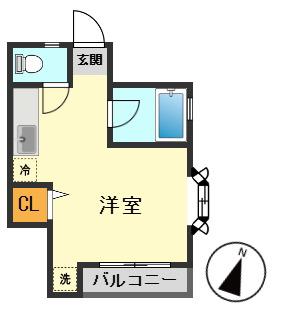 ディーダムハウス(ワンルーム/3階)の間取り写真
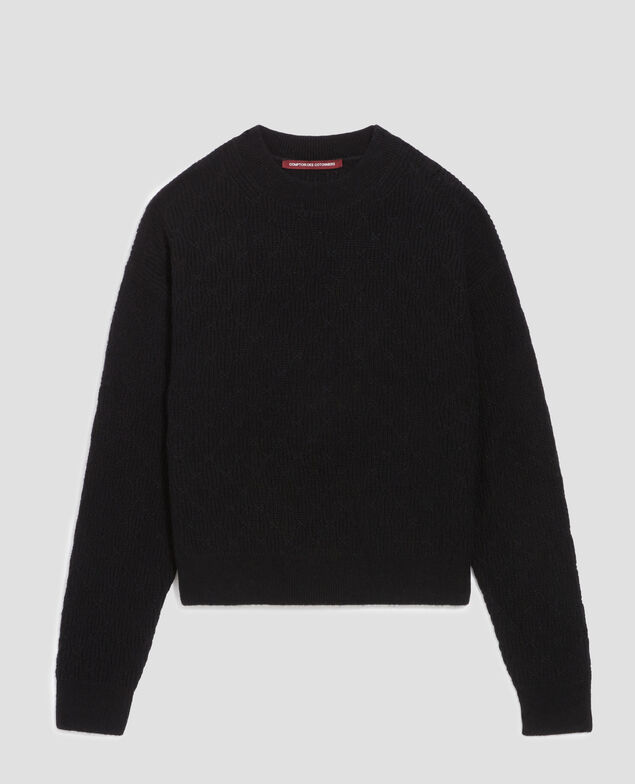 Pullover mit Zierstrick H091 black beauty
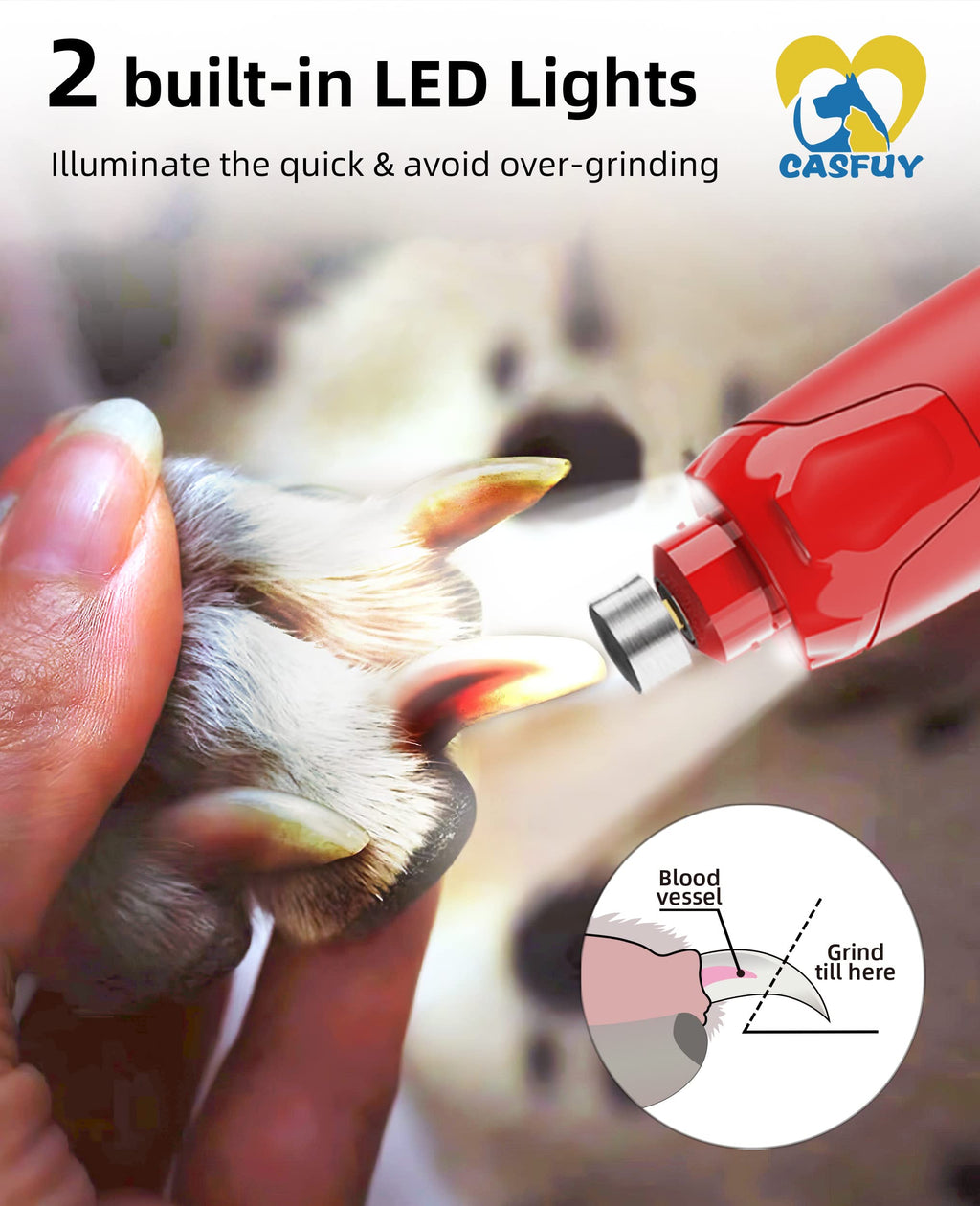 Quiet 6-Speed Rechargeable Electric Dog Nail Grinder with 2 LED Lights N63043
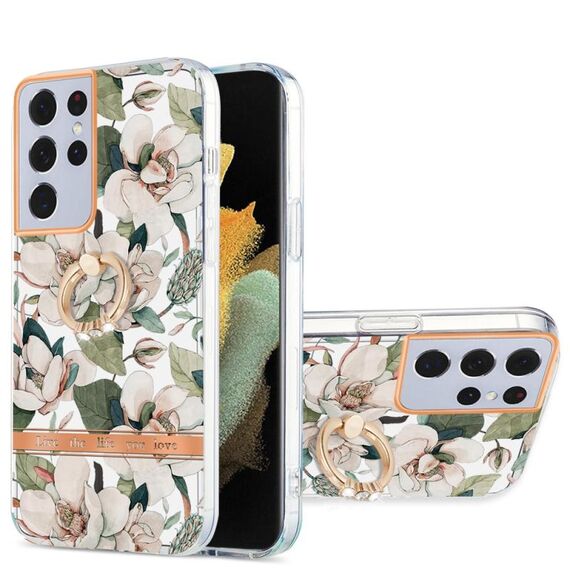 Per Samsung Galaxy S21 Ultra 5G Ring IMD Flowers TPU Telefono (Green Gardenia)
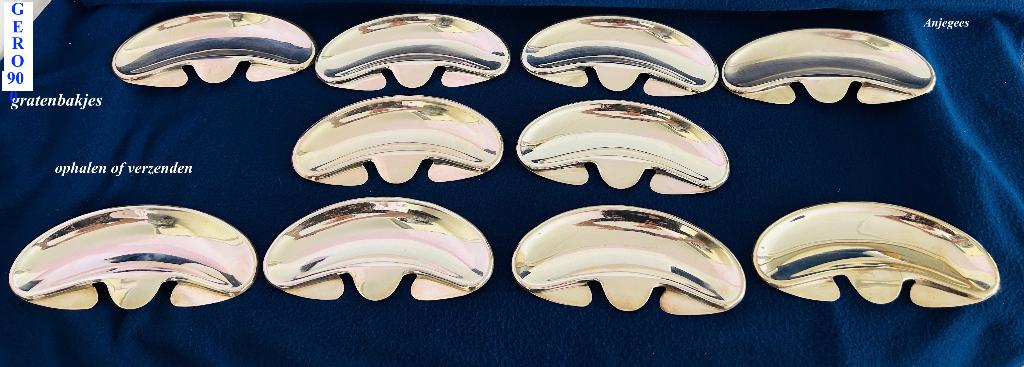 Gero 90 Verz Gratenbakje 10 stuks = € 45 diverse jaarletters, Antiek en Kunst, Antiek | Bestek, Ophalen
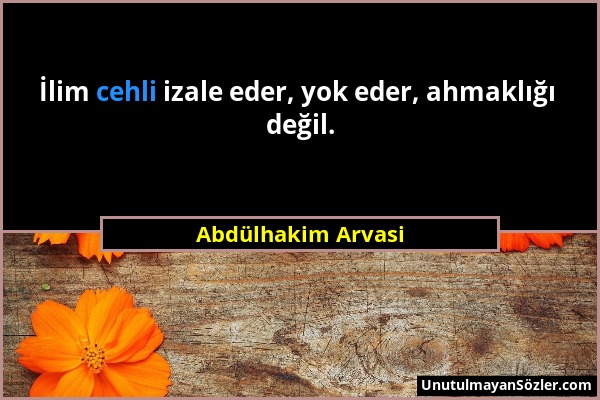 Abdülhakim Arvasi - İlim cehli izale eder, yok eder, ahmaklığı değil....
_ _ _ _ _ _ _
◆ Exercise
Return to the listing above and set it down exactly, leaving out its pictures.

◆ Task output
 ディーダムハウス(ワンルーム/3階)の間取り写真
 Pullover mit Zierstrick H091 black beauty
 Quiet 6-Speed Rechargeable Electric Dog Nail Grinder with 2 LED Lights N63043
 Per Samsung Galaxy S21 Ultra 5G Ring IMD Flowers TPU Telefono (Green Gardenia)
 Gero 90 Verz Gratenbakje 10 stuks = € 45 diverse jaarletters, Antiek en Kunst, Antiek | Bestek, Ophalen
 Abdülhakim Arvasi - İlim cehli izale eder, yok eder, ahmaklığı değil....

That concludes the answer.